### INSTRUCTIONS FOR THE TASK
Copy the lines below that contain "White".

### RECORDS SUPPLIED
--------------------
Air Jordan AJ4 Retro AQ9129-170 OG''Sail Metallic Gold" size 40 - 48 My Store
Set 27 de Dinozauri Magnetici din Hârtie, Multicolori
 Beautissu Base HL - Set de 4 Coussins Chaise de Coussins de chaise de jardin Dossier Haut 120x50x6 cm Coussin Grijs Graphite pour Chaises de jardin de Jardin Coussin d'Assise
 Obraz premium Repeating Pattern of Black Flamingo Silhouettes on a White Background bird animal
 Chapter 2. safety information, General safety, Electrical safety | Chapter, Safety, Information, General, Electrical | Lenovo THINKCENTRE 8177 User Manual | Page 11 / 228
--------------------
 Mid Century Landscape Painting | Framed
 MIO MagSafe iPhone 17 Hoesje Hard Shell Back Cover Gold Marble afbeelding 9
--------------------
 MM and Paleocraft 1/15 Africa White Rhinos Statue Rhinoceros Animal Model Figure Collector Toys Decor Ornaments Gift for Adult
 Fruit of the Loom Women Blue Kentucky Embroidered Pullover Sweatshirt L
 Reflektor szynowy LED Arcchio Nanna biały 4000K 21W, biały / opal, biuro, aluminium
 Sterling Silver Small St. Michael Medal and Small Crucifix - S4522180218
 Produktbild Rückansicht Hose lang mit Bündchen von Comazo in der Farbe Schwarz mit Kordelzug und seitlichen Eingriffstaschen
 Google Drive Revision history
--------------------
### COMPLETED EXERCISE
 Obraz premium Repeating Pattern of Black Flamingo Silhouettes on a White Background bird animal
 MM and Paleocraft 1/15 Africa White Rhinos Statue Rhinoceros Animal Model Figure Collector Toys Decor Ornaments Gift for Adult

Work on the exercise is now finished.